Among the course participants was an ageing photographer I’ll call Norm, who followed me one day in the lunchbreak to inform me that, at around 3 one morning, God had guided him to talk to me. ‘Ask yourself,’ Norm said, as we stood near the teeming entrance to Central Station, ‘whether you’re doing God’s work or the Devil’s’, and this pedlar of unchristian images of red sports cars draped with bikini-clad women quoted the Bible verses from Deuteronomy about soothsayers being an abomination unto the LORD (the actual words in the King James Version, Deut. 18:10, are ‘an observer of times’ – although to ‘observe’ in the biblical sense means not just to watch but to obey).
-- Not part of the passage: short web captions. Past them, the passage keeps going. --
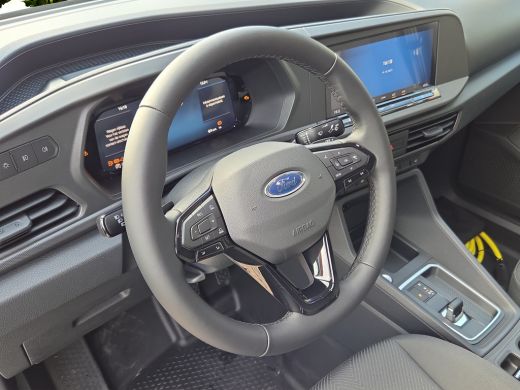 Ford Transit Connect 1.5 EcoBoost PHEV L1 Trend | Houten vloer in laadruimte | Parkeersensor voor en achter | Trekhaak ActivLease financial lease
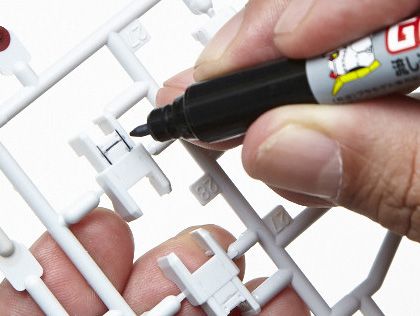 Pour Type Gundam Marker for Panel Lines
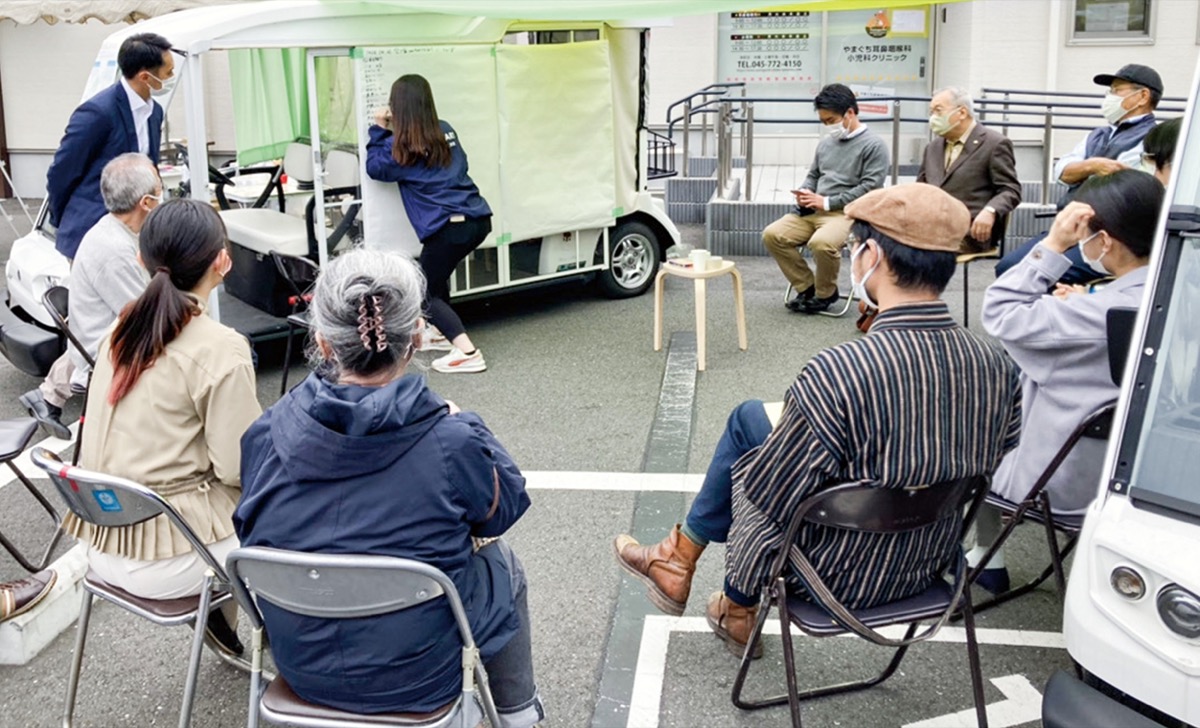 はまと脳神経クリニック駐車場で、屋外ミーティングをするメンバーら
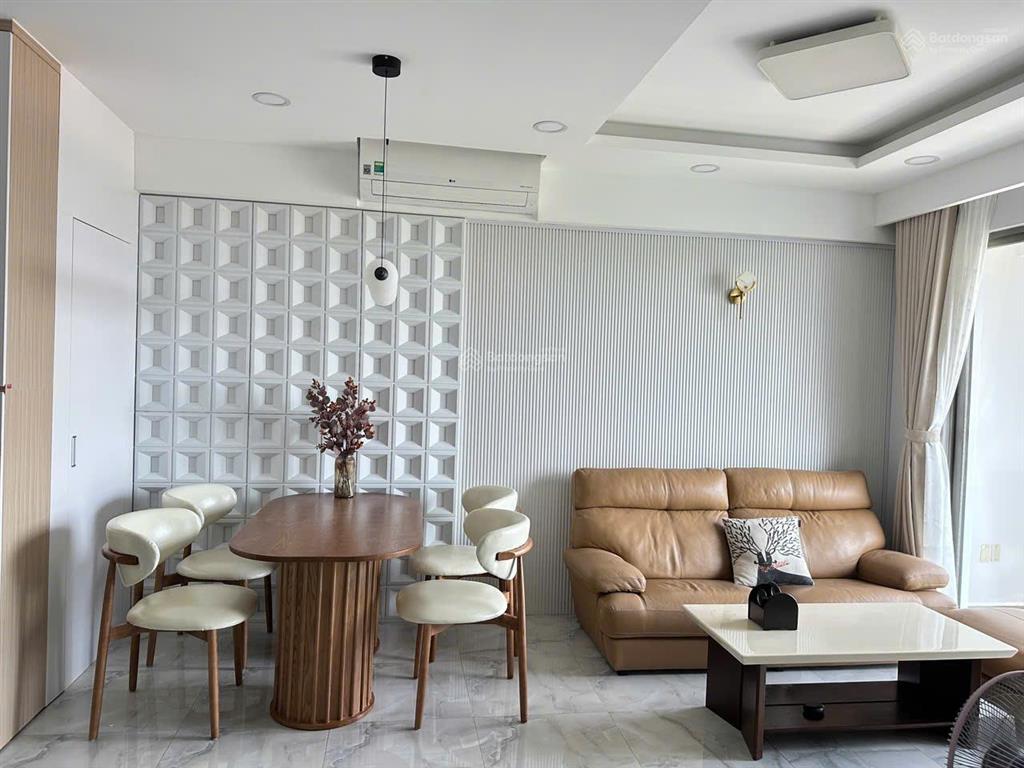 Gấp. chủ gửi bán gấp căn hộ 3pn lầu 10, có ô xe, view biệt thự cc hưng phúc 1 giá 9,5 tỷ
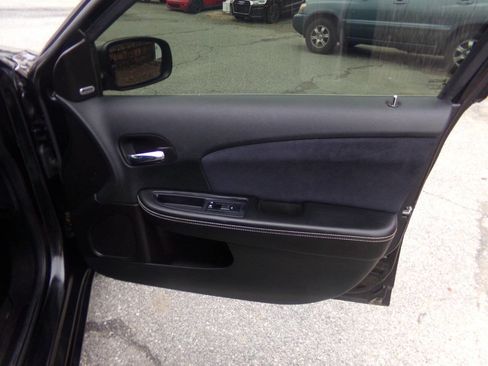 Used 2014 Chrysler 200 Limited w/ Sun/Sound Group image 32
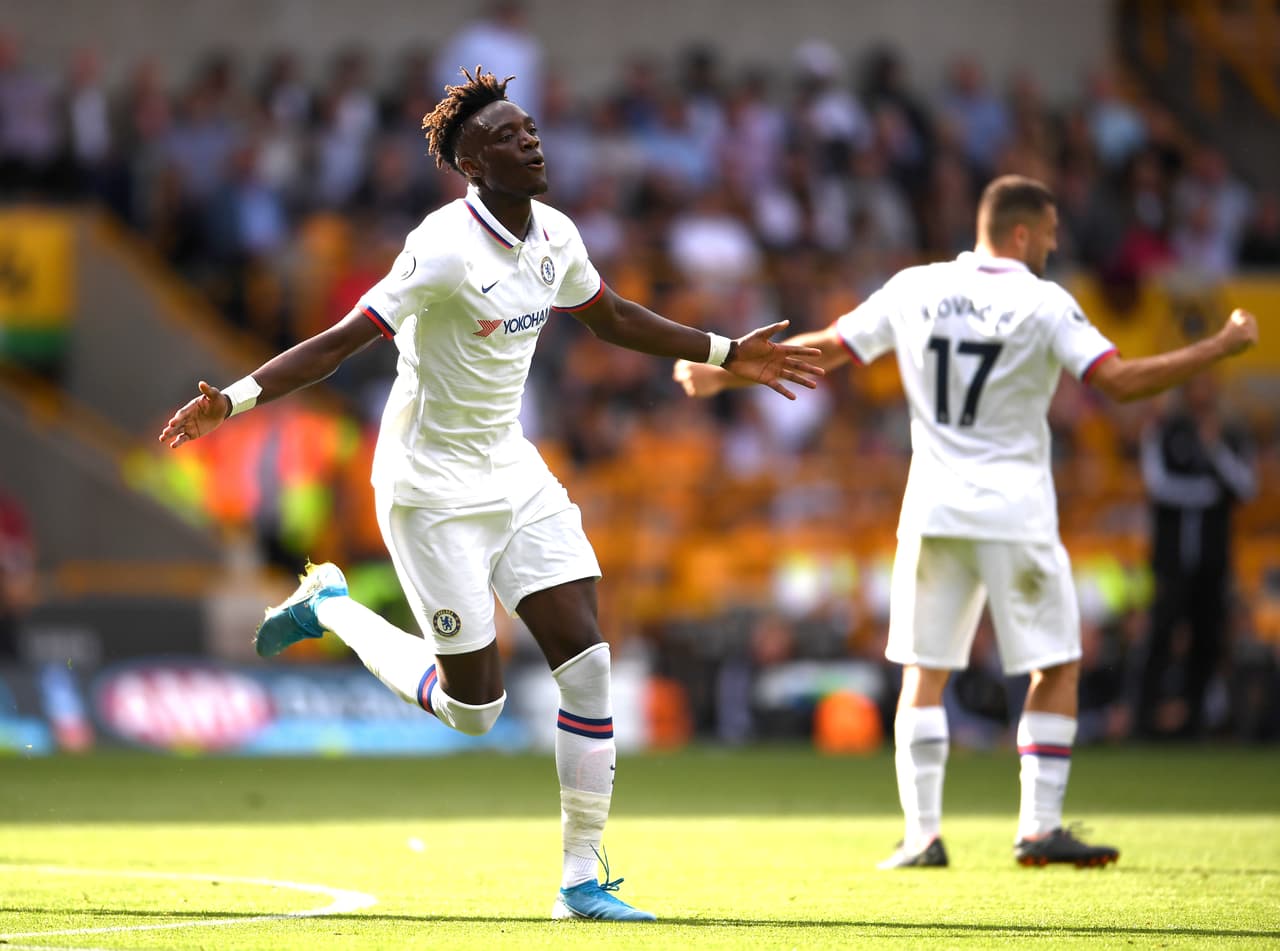 Chelsea venció 5-2 a Wolverhampton con hat-trick de Tammy Abraham, que se colocó como líder goleador con 7 tantos. Raúl Jiménez jugó 70' pero no anotó gol.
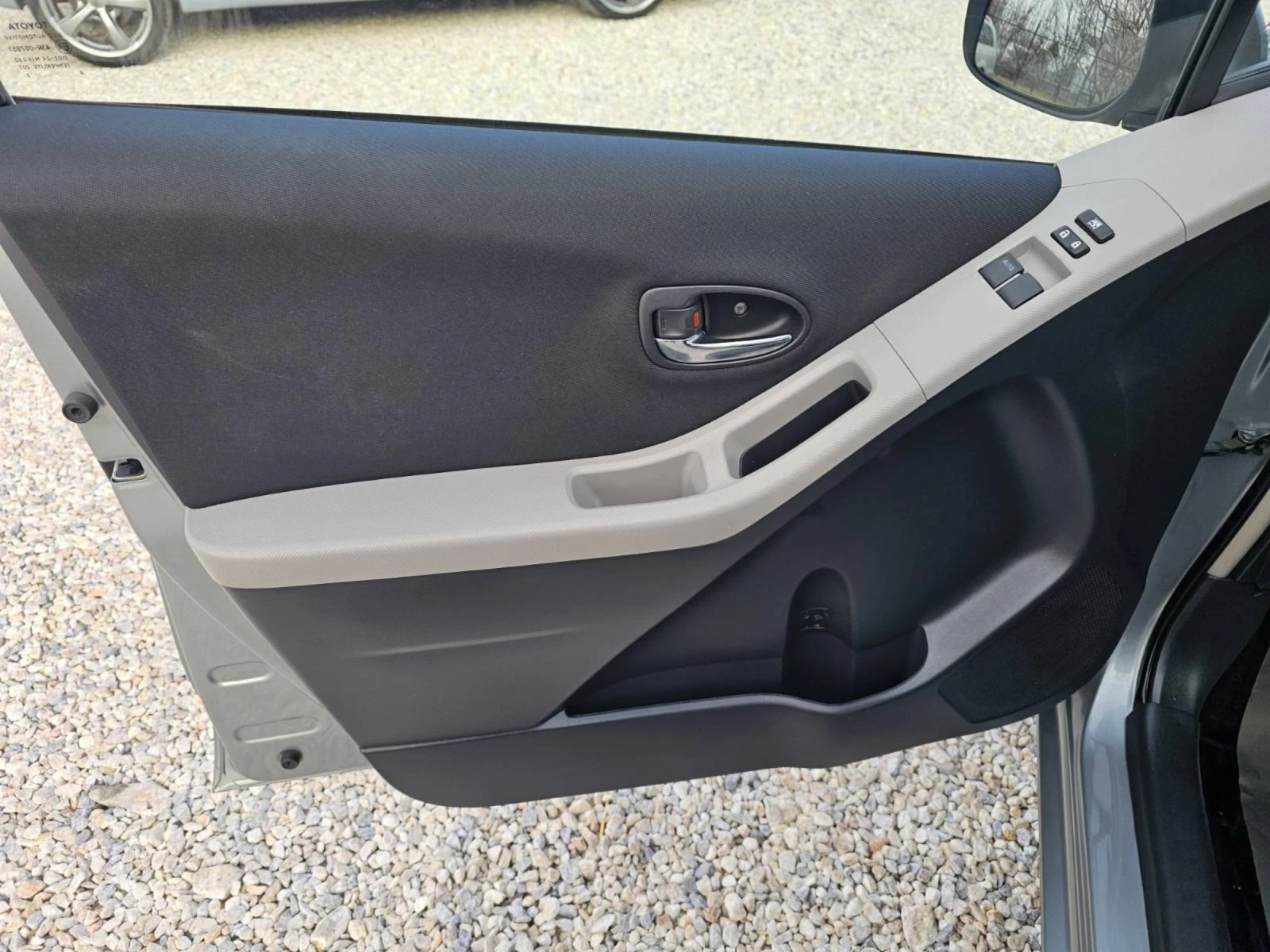 Toyota Yaris 1.33/101./FACELIFT/KLIMATRONIK | Mobile.bg   17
I replied to Norm that maybe God’s intention in pointing him my way was that he might confront his limiting judgements and open his mind. (And did I mention that the ‘New Enterprise Incentive Scheme’ was highly competitive, with only a limited number of grants on offer?) I received government funding not because the panel were astrological converts but because the figures in my business plan added up: I predicted the steady expansion I knew they required. (If I’d done likewise for all my astrology clients, instead of just telling it like I saw it, might I have come closer to achieving my imaginative cash flow forecasts?)
In my first year at high school, when I was 12, we were all summoned in turn to consult a vocational guidance counsellor – a prospect about as enticing as a trip to the dentist. A greying man in a suit deduced that because I’d shone at Maths and Art, I must be suited to a career in architecture. From then on, as if to deflect further misunderstandings, I spent Maths periods doodling desolate landscapes in my margins. Due no doubt to uninspired teaching, Maths seemed akin to Commerce: tedious. When I plunged into self-propelled astrological studies 10 years later, I discovered a discipline that combines maths (endless calculations) with the art of interpretation: a 4-D conceptual architecture grounded in a chart derived from a unique time–place combination, a dynamic blueprint for psychological unfoldment; a far cry from static plans for, or scale models of, projected external-world erections.
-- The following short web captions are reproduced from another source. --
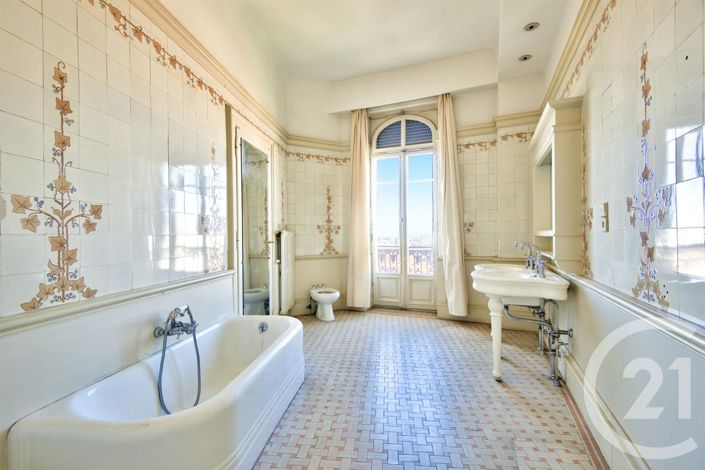 Image No.8-3 Bed Apartment for sale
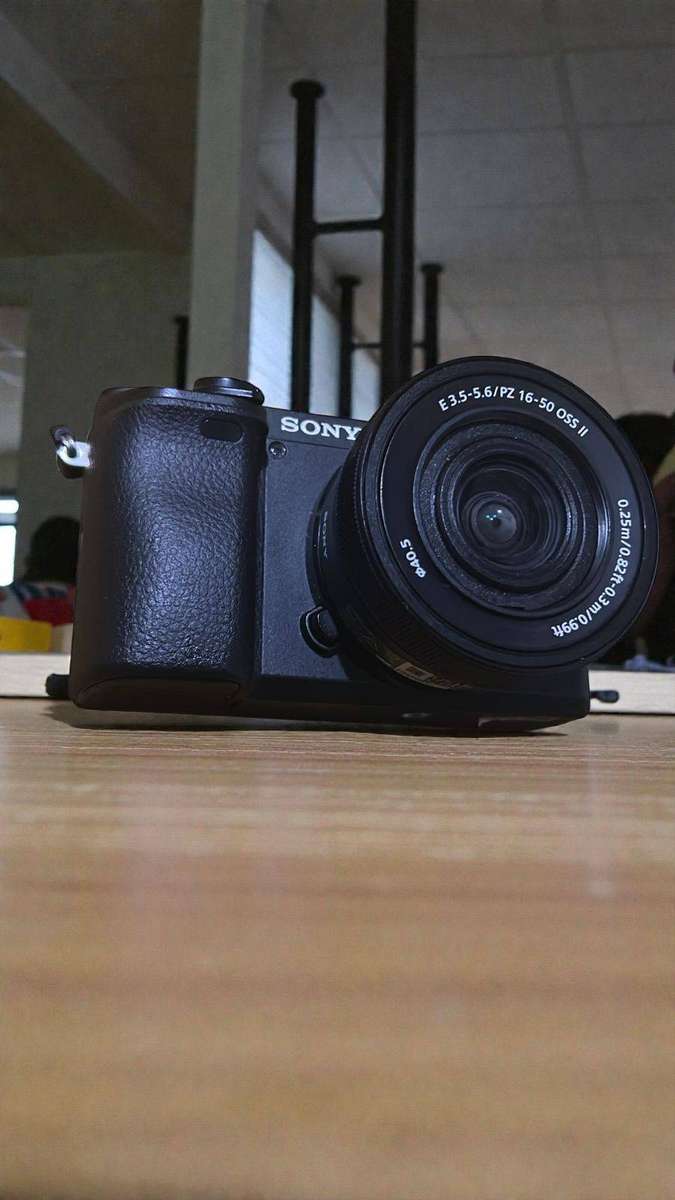 SONY A6400 24.2MP 4K MIRRORLESS CAMERA + 16-50MM OSS II LENS + SONY GP-VPT2BT GRIP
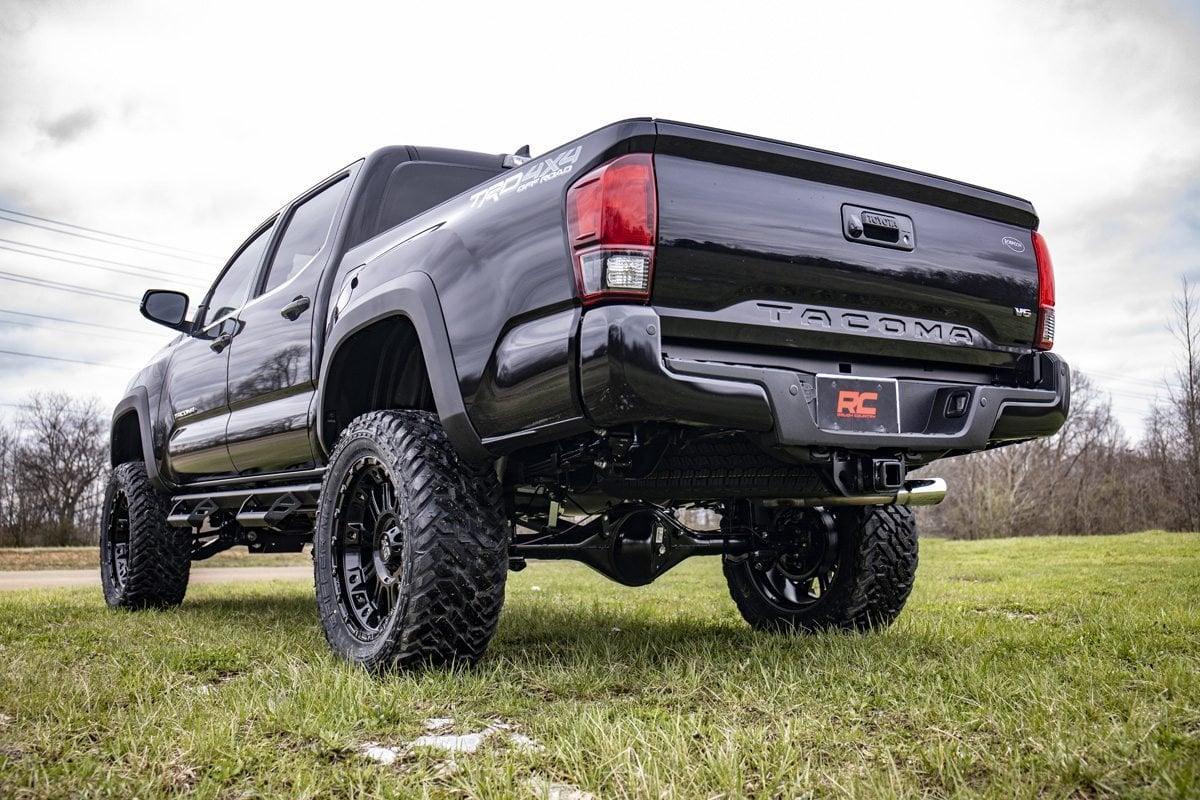 Rough Country 6 Inch Lift Kit M1 Struts/M1 Toyota Tacoma 2WD/4WD (2016-2023) (2016-2023 Tacoma) - 75840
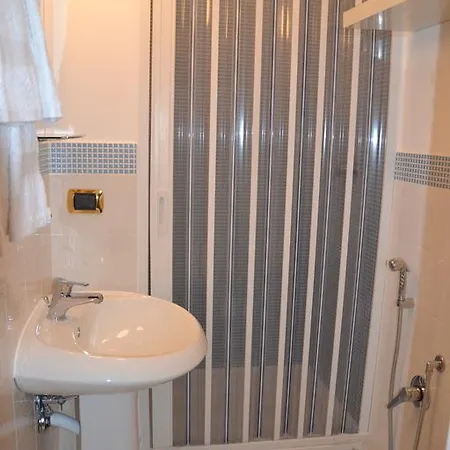 Bed & Breakfast La Civetta Sul Como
According to the latest edition of the Macquarie Dictionary, astrology is 1. a study which assumes, and professes to interpret, the influence of the heavenly bodies on human affairs. 2. Obsolete astronomy. Definition #1 more or less sums up pop astrology (the kind typically found in a column near the back of periodicals, much as the weather report follows TV news programs), yet doesn’t do justice to the complex subject I used to teach, which assumes the interconnectedness of all life on Earth, and of everything in the universe; assumes that earthly events don’t have to be caused by heavenly ones to mirror them. Ergo, events that astronomers record and interpret can mirror approaching trends to experienced observers.
Internet enthusiasts have been known to over-hype the Web as a medium that grants high-speed connection to limitless information. Yet what is the Web if not a crude externalisation of, for instance, untapped potentials of the conditioned human brain?
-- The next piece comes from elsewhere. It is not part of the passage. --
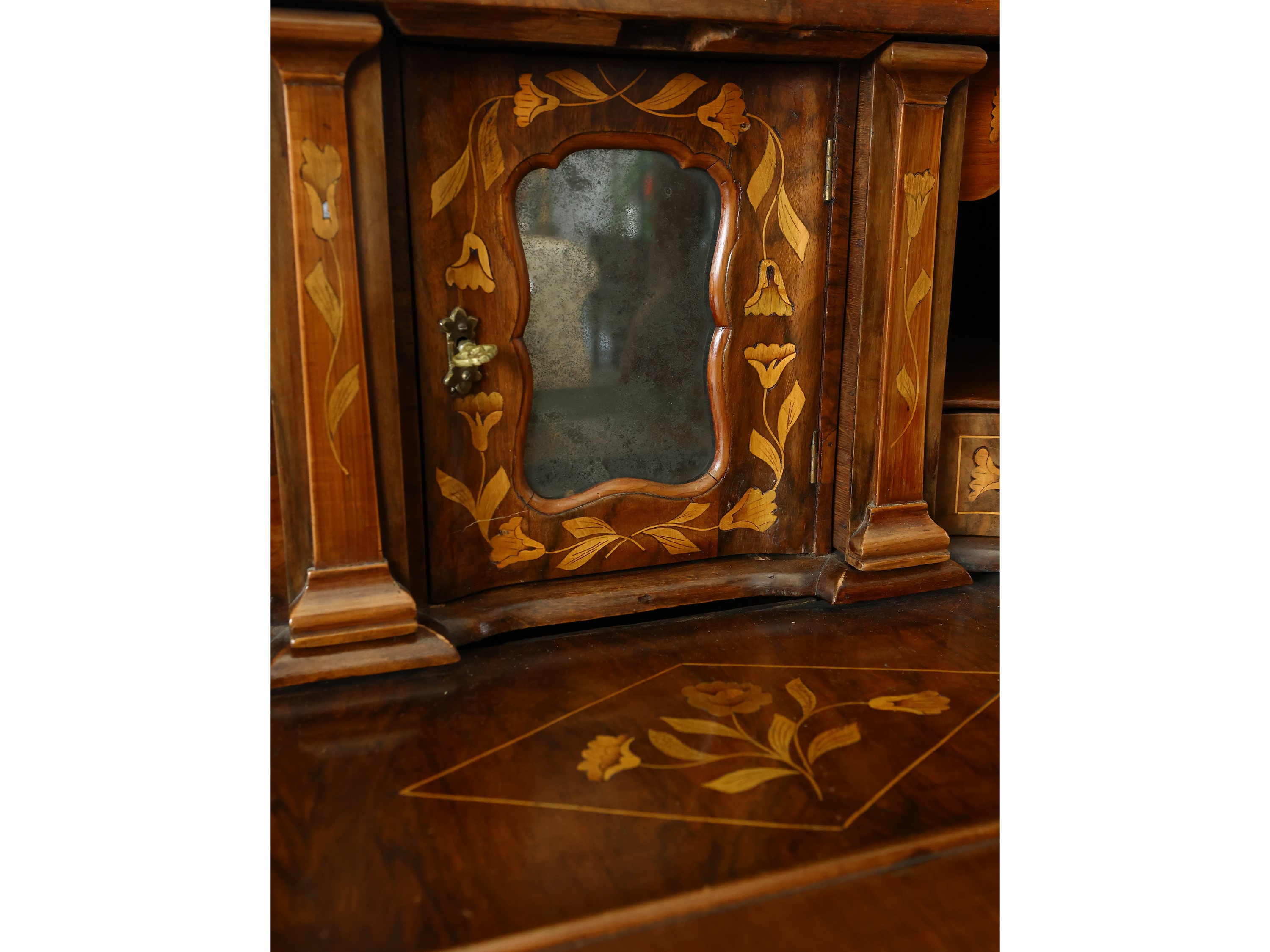 Cassettone a ribalta in noce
No doubt the average punter would take the weather report more seriously than the week’s forecast for, say, Libra (and, really, how can one prediction fit roughly one twelfth of all readers?). But the paths of stars and planets can be predicted with staggeringly greater precision and centuries in advance of the movements of atmospheric pressure systems. In fact, reputable climate science (and common sense) tells us that weather will become more unpredictable as global warming progresses. The zodiacal position of, say, Mars 100 years from now, can be accurately predicted within a few minutes. Though of course, if or when NASA succeeds in its project of colonising Mars, a smaller planet than the one we’re currently stripping of resources, who’s to say what havoc humans can wreak, in a relatively short time, on its orbit?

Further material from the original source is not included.